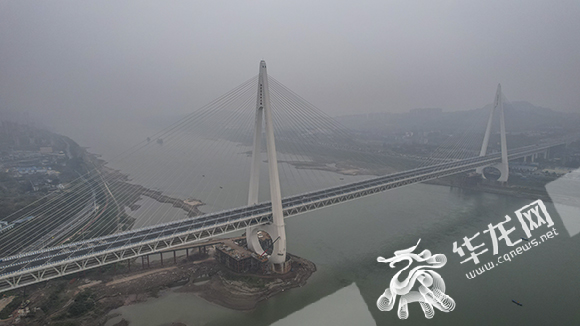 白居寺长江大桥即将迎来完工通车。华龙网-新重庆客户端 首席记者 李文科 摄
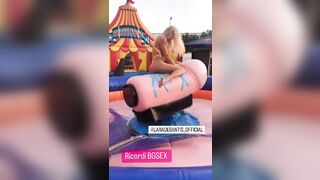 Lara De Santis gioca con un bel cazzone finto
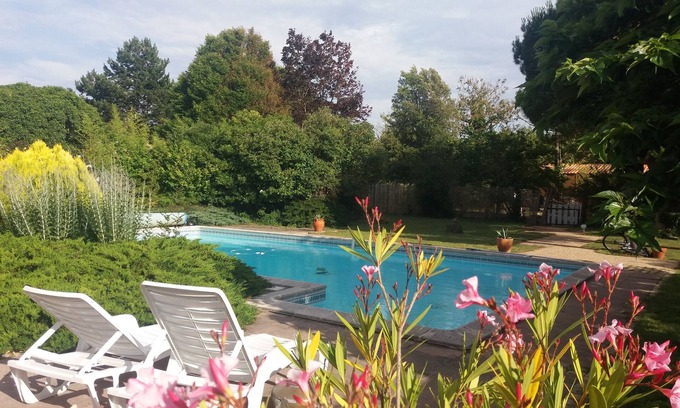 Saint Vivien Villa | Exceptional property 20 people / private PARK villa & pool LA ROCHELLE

■ ■ ■

## ASSIGNED TASK
Write out the whole listing exactly. Do not include the pictures.

## ANSWER BELOW
 白居寺长江大桥即将迎来完工通车。华龙网-新重庆客户端 首席记者 李文科 摄
 Lara De Santis gioca con un bel cazzone finto
 Saint Vivien Villa | Exceptional property 20 people / private PARK villa & pool LA ROCHELLE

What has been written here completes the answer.